* ABOUT THIS TASK *
Write out all the data verbatim. Skip images.

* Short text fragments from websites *
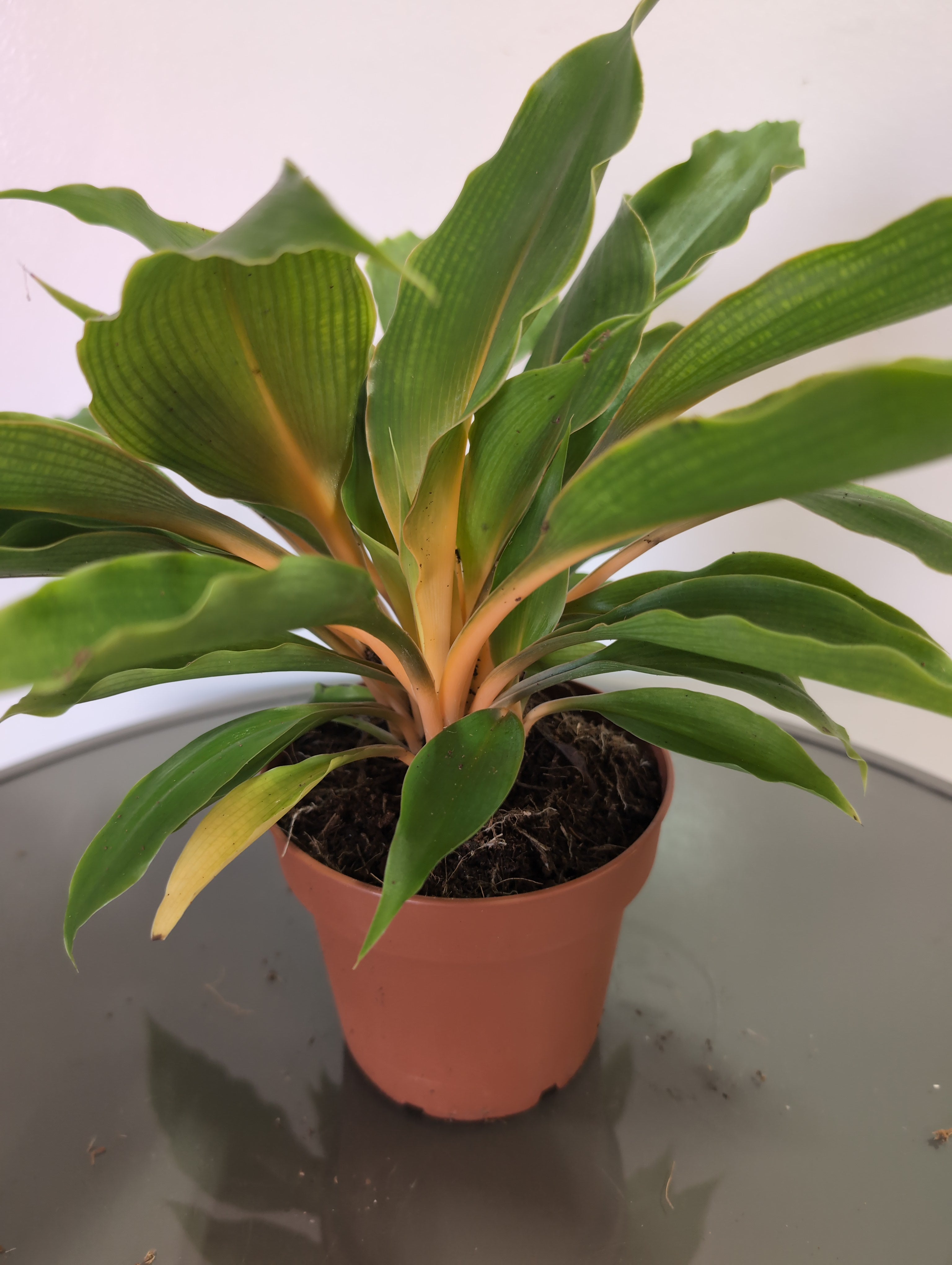 Spider Plant | Chlorophytum Orchidastrum | Fire Flash Plant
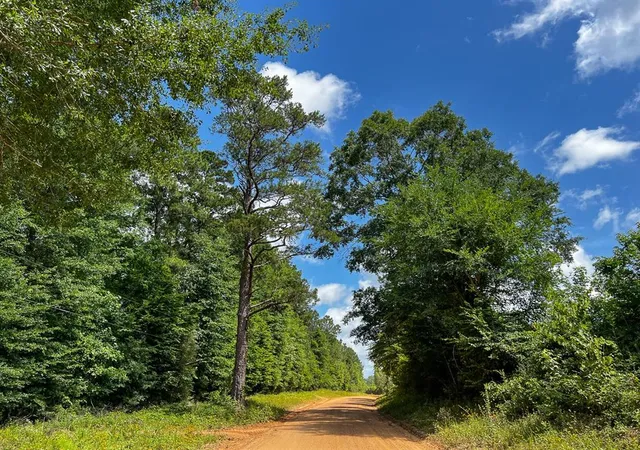 Photo 1 of Land for sale at 0000000 Kelley Road, Livingston, TX 77351 | MLS# 50799784 | Listing updated on 2026-01-20
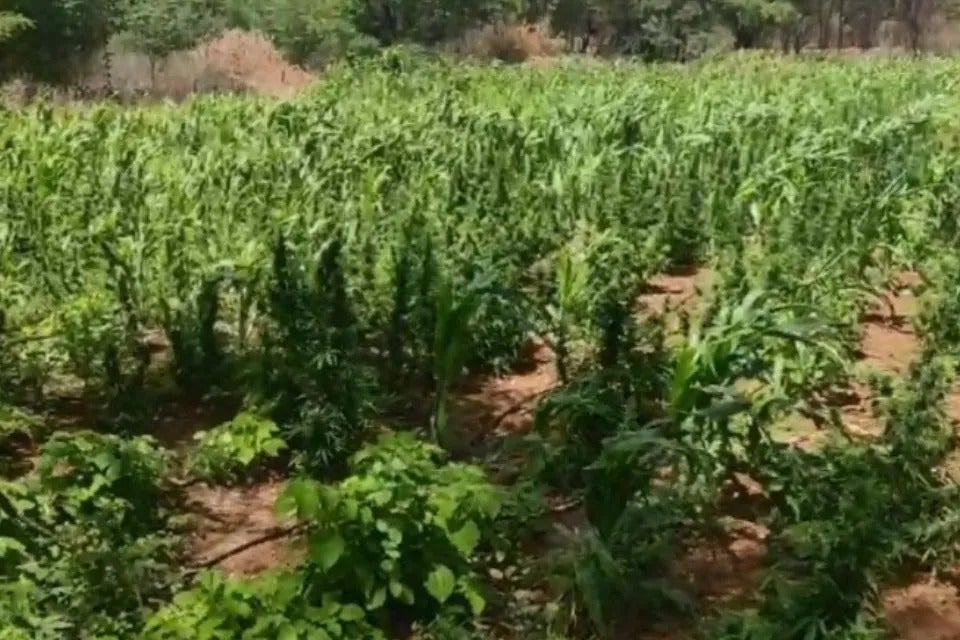 Polícia erradica quase 13 mil pés de maconha em Floresta, no Sertão de Pernambuco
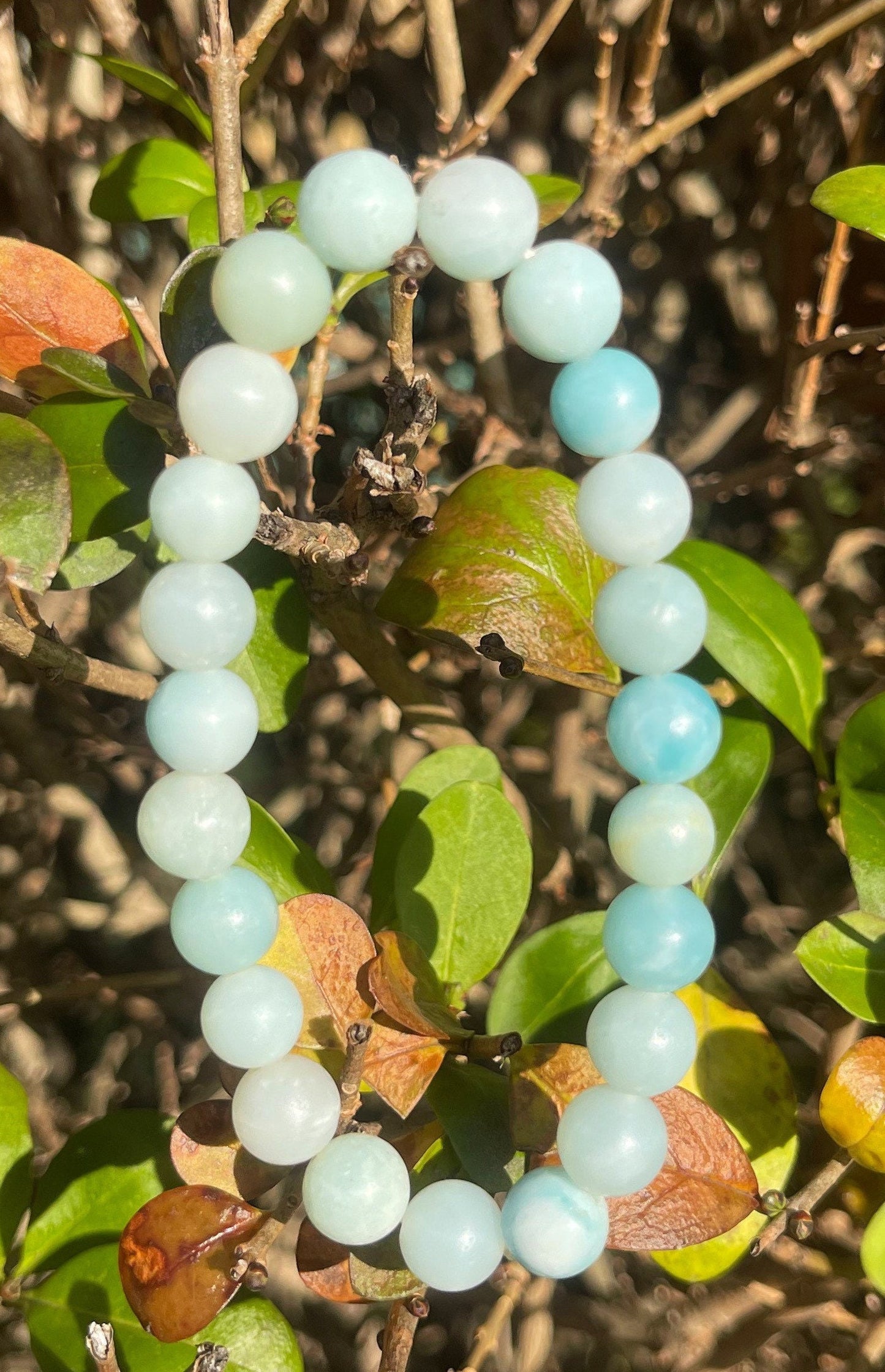 Amazonite Bracelet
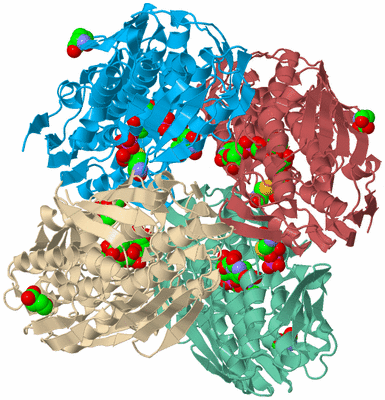 Image Biological Unit 15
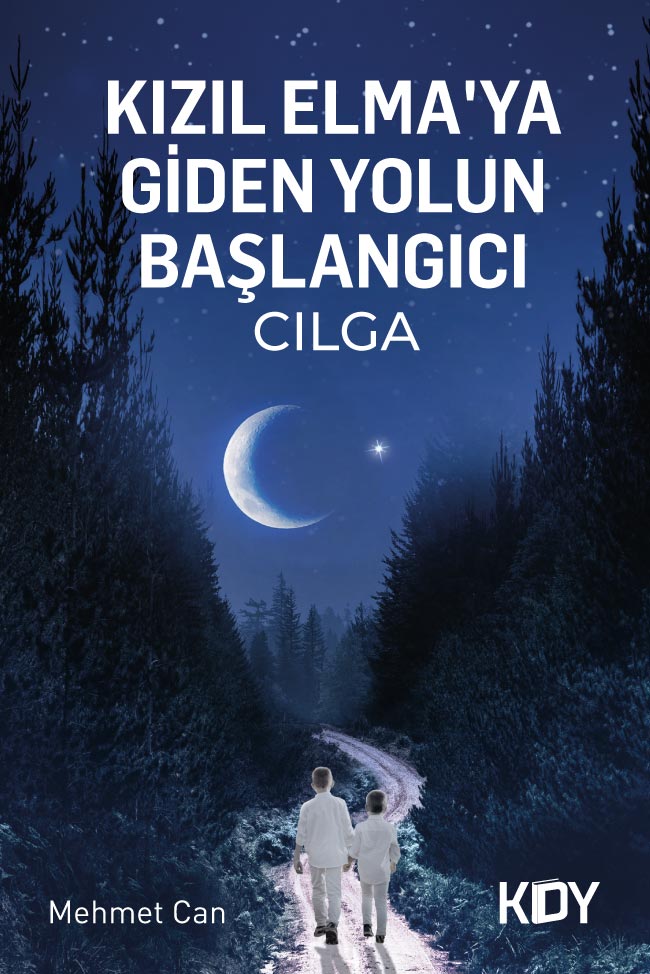 Kızıl Elmaya Giden Yol'un Başlangıcı - Mehmet Can kitap kapağı
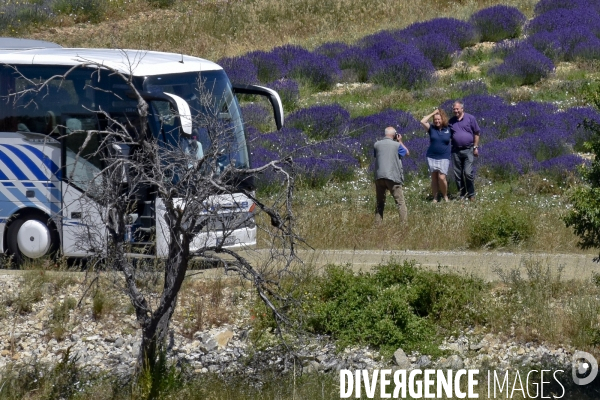 Lavande en Drôme provençale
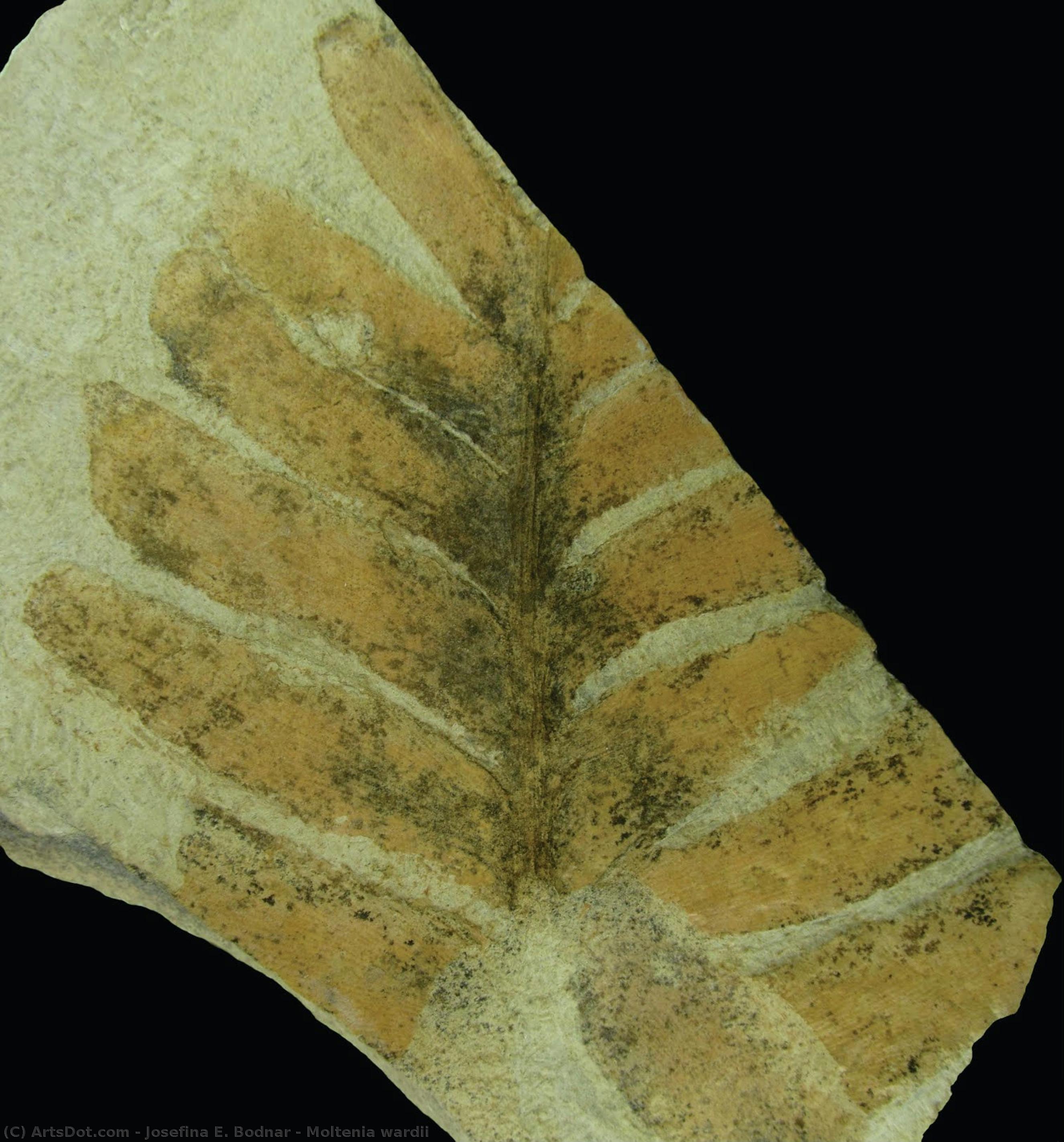 Moltenia Wardii — Josefina E. Bodnar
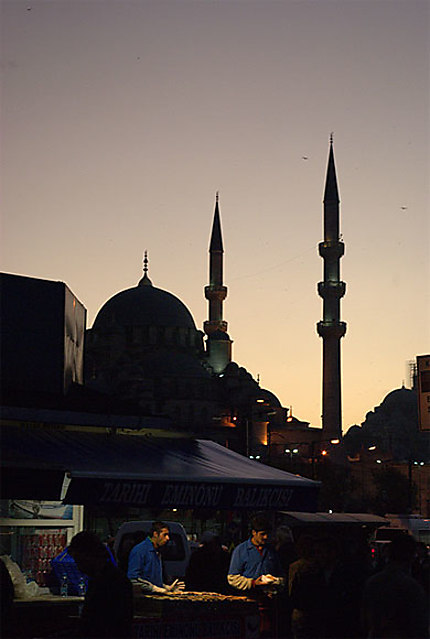 Istanbul au crépuscule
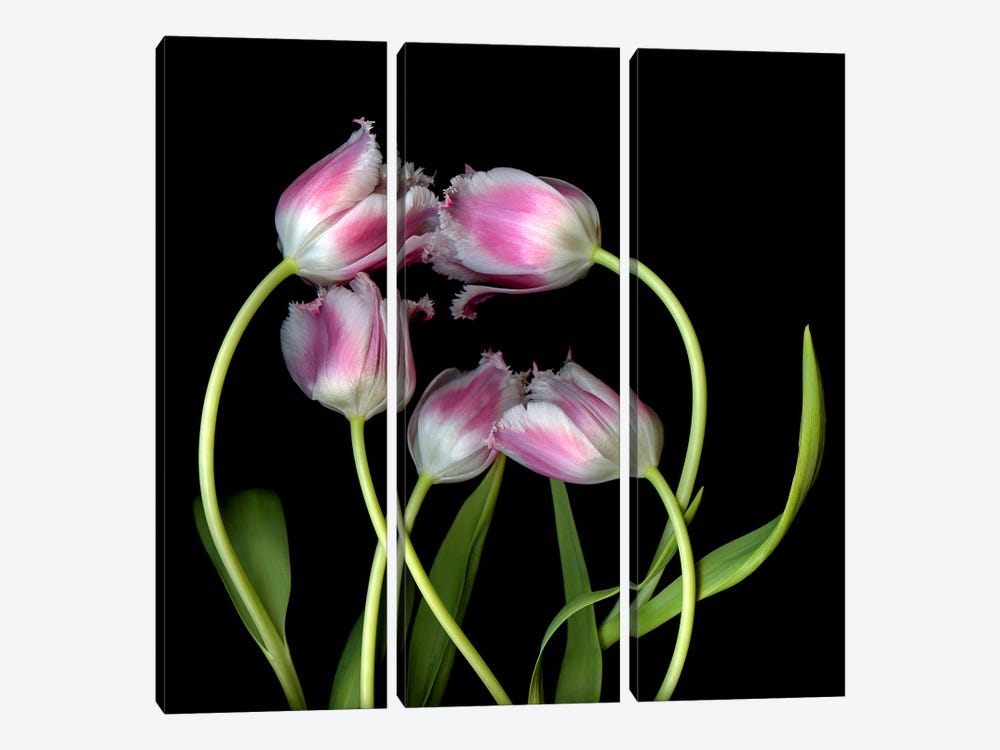 Frilly Edged Pink Tulip Group by Magda Indigo 3-piece Canvas Wall Art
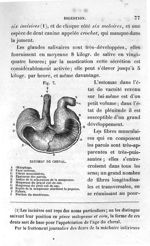 Fig. 7. Estomac de cheval - Leçons élémentaires d'anatomie et de physiologie humaine et comparée ; 2 [...]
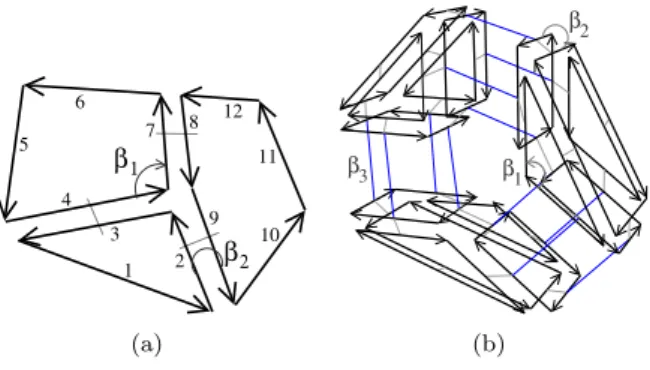 Figure 2: Combinatorial maps describing the two objects of Fig. 1. The 2D combinatorial map (a) contains 12 darts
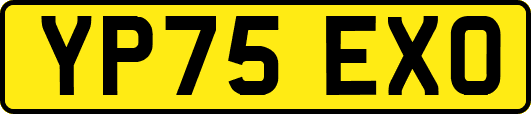 YP75EXO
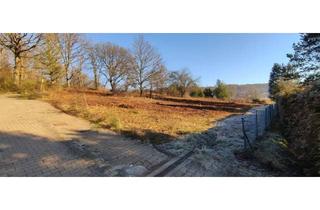 Grundstück zu kaufen in 67680 Neuhemsbach, Sonniges Wochenendgrundstück mit Ausblick!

* EXERCISE RESPONSE *
 Spider Plant | Chlorophytum Orchidastrum | Fire Flash Plant
 Photo 1 of Land for sale at 0000000 Kelley Road, Livingston, TX 77351 | MLS# 50799784 | Listing updated on 2026-01-20
 Polícia erradica quase 13 mil pés de maconha em Floresta, no Sertão de Pernambuco
 Amazonite Bracelet
 Image Biological Unit 15
 Kızıl Elmaya Giden Yol'un Başlangıcı - Mehmet Can kitap kapağı
 Lavande en Drôme provençale
 Moltenia Wardii — Josefina E. Bodnar
 Istanbul au crépuscule
 Frilly Edged Pink Tulip Group by Magda Indigo 3-piece Canvas Wall Art
 Fig. 7. Estomac de cheval - Leçons élémentaires d'anatomie et de physiologie humaine et comparée ; 2 [...]
 Figure 2: Combinatorial maps describing the two objects of Fig. 1. The 2D combinatorial map (a) contains 12 darts
 YP75EXO
 Grundstück zu kaufen in 67680 Neuhemsbach, Sonniges Wochenendgrundstück mit Ausblick!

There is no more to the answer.